We all want to offer our children a peaceful and love-filled transition to sleep each night. It’s a natural time in the day to cultivate connection and in the best case scenario, it’s a “sweet spot” of parenting. But in real life, it’s way more likely that bedtime is a rush of power struggles (sometimes […]

We all want to offer our children a peaceful and love-filled transition to sleep each night. It’s a natural time in the day to cultivate connection and in the best case scenario, it’s a “sweet spot” of parenting.


But in real life, it’s way more likely that bedtime is a rush of power struggles (sometimes accompanied by begging) that leave your entire household feeling frustrated and disconnected.

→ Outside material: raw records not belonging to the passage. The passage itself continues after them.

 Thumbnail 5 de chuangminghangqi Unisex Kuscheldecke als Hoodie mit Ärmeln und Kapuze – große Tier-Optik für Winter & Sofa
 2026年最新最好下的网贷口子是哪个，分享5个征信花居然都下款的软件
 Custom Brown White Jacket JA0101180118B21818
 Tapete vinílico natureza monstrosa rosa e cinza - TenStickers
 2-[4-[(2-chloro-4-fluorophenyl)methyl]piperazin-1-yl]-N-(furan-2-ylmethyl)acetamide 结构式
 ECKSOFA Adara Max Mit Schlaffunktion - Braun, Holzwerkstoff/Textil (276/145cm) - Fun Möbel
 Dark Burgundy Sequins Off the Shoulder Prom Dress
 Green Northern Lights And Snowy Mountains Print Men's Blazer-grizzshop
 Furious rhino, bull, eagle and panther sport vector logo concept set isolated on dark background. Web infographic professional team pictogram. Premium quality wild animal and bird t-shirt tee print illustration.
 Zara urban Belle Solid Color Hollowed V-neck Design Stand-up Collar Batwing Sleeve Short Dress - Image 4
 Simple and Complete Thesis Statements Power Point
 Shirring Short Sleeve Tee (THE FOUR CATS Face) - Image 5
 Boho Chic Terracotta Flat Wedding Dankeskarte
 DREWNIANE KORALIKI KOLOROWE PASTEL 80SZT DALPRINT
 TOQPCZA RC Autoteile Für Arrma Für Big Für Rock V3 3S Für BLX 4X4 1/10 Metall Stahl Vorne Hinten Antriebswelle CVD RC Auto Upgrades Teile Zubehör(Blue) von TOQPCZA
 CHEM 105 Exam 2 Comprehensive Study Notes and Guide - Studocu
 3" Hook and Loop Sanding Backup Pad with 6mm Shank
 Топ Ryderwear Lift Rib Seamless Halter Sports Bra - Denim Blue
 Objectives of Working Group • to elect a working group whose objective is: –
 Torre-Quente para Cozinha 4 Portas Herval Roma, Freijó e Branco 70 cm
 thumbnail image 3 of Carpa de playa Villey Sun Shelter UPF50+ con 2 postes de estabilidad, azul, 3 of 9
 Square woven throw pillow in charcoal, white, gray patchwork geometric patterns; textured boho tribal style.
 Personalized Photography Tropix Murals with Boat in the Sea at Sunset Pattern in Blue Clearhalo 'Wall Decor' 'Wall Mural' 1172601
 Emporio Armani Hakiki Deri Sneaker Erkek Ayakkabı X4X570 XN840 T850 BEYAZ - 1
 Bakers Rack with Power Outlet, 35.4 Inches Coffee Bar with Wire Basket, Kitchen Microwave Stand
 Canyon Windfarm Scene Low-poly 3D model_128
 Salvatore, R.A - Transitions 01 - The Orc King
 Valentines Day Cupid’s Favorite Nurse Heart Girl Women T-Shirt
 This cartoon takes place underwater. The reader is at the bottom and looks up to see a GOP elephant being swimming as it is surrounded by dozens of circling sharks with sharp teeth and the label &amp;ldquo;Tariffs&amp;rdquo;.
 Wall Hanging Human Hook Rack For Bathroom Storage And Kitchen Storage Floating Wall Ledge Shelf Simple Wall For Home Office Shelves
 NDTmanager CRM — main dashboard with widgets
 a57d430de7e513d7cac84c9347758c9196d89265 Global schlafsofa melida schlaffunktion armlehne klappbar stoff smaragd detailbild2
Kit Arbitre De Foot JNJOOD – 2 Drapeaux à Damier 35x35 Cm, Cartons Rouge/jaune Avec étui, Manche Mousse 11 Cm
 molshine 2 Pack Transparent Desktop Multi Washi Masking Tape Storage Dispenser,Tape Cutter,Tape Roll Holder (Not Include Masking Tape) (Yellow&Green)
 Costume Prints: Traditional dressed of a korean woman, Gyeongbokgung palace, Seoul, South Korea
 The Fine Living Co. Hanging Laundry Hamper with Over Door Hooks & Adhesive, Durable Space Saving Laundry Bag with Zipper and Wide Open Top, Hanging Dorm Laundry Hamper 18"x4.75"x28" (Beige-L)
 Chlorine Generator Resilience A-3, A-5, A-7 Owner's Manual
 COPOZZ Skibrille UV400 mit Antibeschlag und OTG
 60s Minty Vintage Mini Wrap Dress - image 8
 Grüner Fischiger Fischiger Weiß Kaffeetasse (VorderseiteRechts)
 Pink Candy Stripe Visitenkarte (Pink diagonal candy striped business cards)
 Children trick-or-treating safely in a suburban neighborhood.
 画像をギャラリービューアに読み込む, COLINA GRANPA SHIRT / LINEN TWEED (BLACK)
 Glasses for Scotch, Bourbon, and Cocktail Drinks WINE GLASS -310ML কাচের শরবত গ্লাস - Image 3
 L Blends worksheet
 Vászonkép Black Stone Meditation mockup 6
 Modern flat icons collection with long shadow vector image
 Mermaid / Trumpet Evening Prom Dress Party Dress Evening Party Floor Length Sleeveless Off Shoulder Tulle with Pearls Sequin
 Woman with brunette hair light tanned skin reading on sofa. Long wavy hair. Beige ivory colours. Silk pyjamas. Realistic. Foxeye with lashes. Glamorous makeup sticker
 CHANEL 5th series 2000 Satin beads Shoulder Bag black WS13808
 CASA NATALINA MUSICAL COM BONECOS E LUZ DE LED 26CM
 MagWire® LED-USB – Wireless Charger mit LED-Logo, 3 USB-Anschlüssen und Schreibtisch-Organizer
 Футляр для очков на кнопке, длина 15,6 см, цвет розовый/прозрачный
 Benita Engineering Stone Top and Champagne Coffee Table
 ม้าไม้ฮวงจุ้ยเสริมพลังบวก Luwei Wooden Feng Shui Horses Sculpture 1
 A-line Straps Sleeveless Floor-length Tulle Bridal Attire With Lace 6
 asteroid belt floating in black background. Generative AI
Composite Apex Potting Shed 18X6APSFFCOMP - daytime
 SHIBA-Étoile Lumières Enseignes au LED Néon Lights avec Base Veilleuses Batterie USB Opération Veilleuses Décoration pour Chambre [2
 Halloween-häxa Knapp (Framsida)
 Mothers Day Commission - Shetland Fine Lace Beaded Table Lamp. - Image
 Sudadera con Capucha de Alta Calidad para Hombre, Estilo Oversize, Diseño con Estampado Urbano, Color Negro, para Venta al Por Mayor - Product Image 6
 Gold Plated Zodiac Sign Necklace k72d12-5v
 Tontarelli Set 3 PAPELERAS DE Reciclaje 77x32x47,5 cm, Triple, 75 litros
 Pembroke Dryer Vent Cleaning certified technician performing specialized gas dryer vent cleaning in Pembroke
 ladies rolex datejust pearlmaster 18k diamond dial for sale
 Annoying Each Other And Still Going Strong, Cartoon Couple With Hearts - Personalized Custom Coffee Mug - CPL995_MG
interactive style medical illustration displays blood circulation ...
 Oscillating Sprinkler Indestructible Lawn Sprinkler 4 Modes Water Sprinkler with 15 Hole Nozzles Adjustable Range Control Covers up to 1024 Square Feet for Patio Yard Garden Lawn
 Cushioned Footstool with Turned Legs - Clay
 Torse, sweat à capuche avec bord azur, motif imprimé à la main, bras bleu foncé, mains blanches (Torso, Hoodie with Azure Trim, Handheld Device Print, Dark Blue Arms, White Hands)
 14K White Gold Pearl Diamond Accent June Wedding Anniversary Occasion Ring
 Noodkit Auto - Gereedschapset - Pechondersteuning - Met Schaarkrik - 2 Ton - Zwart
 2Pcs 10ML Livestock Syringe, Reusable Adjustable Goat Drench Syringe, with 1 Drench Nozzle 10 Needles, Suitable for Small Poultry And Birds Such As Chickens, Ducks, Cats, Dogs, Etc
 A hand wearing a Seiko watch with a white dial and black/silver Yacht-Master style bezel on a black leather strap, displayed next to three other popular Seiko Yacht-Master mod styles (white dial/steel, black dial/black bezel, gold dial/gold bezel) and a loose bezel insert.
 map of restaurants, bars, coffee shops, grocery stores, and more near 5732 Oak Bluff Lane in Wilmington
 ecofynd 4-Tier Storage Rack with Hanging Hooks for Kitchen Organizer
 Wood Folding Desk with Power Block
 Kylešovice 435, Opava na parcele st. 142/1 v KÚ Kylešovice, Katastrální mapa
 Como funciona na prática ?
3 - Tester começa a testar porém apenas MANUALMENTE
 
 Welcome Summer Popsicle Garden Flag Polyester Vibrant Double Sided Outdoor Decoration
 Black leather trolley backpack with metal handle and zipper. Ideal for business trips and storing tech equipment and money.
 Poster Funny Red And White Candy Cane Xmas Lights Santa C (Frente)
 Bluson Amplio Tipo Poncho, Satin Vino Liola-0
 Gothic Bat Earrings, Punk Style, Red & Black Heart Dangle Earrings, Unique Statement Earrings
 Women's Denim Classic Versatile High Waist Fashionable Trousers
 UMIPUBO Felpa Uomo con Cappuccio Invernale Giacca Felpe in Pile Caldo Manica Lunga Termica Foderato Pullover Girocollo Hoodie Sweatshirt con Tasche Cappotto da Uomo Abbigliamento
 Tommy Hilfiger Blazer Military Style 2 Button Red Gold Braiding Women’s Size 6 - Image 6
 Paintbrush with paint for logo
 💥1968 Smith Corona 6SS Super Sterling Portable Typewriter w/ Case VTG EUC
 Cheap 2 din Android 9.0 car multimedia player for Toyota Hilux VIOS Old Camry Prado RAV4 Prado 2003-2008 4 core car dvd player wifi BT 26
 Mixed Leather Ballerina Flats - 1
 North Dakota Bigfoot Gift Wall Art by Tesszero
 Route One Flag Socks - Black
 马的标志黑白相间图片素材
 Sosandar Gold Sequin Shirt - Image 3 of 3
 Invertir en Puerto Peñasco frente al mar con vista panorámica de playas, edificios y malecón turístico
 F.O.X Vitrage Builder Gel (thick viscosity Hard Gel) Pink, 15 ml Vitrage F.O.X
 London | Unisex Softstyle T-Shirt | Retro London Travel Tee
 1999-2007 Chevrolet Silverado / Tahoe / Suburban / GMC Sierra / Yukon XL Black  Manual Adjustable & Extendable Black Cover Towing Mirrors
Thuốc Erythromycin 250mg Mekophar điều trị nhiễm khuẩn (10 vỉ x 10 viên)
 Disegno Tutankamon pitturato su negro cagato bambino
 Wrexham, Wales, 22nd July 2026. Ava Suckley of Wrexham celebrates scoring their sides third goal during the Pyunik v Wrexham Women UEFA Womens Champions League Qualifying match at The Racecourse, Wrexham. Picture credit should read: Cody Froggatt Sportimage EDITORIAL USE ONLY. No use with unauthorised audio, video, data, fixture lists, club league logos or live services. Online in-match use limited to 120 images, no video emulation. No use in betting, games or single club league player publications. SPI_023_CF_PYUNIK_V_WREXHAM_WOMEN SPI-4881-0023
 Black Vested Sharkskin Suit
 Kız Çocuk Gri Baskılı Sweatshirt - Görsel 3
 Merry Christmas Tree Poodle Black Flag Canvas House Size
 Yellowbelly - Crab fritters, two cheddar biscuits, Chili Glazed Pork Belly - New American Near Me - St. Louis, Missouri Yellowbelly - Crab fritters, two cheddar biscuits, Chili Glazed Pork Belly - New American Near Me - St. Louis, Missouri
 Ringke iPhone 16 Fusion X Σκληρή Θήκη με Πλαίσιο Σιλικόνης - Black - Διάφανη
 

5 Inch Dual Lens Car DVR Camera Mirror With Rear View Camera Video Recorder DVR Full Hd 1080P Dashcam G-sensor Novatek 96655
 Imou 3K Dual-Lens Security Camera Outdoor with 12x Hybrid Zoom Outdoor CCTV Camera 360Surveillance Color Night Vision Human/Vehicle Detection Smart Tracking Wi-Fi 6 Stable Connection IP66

It is possible to shift this dynamic, and make the time before sleep a highlight of the day for your family, but it takes some intentional effort, mindful reflection, and a bit of time to adjust. 

Remember, there’s no one way forward that’s perfect for every family. Check out the considerations below, and experiment with what’s right for you and your kids. Keep what serves you, adapt or let go of what doesn’t, and most of all, go easy on yourself and your children. A healthy dose of self-compassion is the only way to move through our complicated human lives at peace. 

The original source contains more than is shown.